To address these problems and the issues they raise, the London-based Institute for Jewish Policy Research has launched a pan-European project, ‘Voices for the Res Publica’, funded by the Ford Foundation and directed by Dr Diana Pinto. Pointedly using the Latin term for the ‘public good’, the project will cover six countries, bringing together independent critical voices from different religious, cultural, ethnic and secular backgrounds.
This carefully chosen group of opinion-formers and academics will meet in small national round tables designed to foster a more frank and in-depth exchange of views than the highly publicized inter-religious and intercultural dialogues or the official European-level meetings addressing issues of identity. Each round table will tackle the conflicts, underlying fears and deep defensive reflexes that exist in each country and within each minority or majority group: in other words, those factors which have led to a weakened common public space. Difficult questions will be broached in a context of mutual trust. They include questions linked to citizenship, the role and rights of silent majorities and vocal minorities, secular responses to collective religious demands, and a variety of specific controversies, such as public commemorations that focus on the historical suffering of a particular group. The round tables will also address the tensions between national cohesion and a ‘Europe without borders’, especially their impact in two areas: integration and the struggle against racism, Islamophobia and antisemitism.
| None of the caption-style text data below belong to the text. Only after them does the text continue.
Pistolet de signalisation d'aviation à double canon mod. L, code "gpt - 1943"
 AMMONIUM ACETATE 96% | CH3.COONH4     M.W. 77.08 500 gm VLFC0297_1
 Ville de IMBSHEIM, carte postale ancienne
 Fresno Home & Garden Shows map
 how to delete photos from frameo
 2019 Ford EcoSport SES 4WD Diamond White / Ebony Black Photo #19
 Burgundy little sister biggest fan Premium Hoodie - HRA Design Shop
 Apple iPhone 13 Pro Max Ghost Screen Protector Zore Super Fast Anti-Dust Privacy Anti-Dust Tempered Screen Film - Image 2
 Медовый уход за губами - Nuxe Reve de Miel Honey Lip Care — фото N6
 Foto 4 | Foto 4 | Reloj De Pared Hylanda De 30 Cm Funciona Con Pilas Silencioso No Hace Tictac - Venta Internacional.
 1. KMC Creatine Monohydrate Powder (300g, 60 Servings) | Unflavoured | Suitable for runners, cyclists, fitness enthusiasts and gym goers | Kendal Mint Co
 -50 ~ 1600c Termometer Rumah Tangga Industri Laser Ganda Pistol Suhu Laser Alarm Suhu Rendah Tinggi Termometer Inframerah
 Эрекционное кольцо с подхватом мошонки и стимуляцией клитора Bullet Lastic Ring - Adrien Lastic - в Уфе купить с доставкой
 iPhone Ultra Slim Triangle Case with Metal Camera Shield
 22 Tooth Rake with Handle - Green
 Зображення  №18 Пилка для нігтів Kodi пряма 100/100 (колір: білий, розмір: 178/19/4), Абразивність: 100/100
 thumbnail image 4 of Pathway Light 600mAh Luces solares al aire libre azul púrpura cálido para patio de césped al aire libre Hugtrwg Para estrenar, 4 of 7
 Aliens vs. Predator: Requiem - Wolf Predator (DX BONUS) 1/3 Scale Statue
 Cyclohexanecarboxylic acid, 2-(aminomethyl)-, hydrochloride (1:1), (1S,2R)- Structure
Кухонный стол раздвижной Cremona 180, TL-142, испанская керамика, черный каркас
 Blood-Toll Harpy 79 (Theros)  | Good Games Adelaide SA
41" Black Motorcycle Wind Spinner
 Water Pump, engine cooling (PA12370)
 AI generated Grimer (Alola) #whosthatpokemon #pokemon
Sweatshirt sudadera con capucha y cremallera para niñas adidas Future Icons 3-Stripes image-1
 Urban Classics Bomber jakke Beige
The project will be carried out in a critical, independent and non-sectarian manner. It was conceived in a Jewish think tank which believes that the Jewish experiences of the last two decades cast a useful light on the above-mentioned questions. European societies and all groups within them must confront these issues together in the years ahead in order to restore a sense of common purpose.
The goal of the project is to work toward a res publica of newly reformulated, shared universal values. The round tables are conceived as the starting point of ongoing policy debates, and the participants as part of a functioning pan-European network. The analyses, ideas and policy proposals emerging from these meetings will be widely disseminated through the media and in other public fora, both at the national and European levels.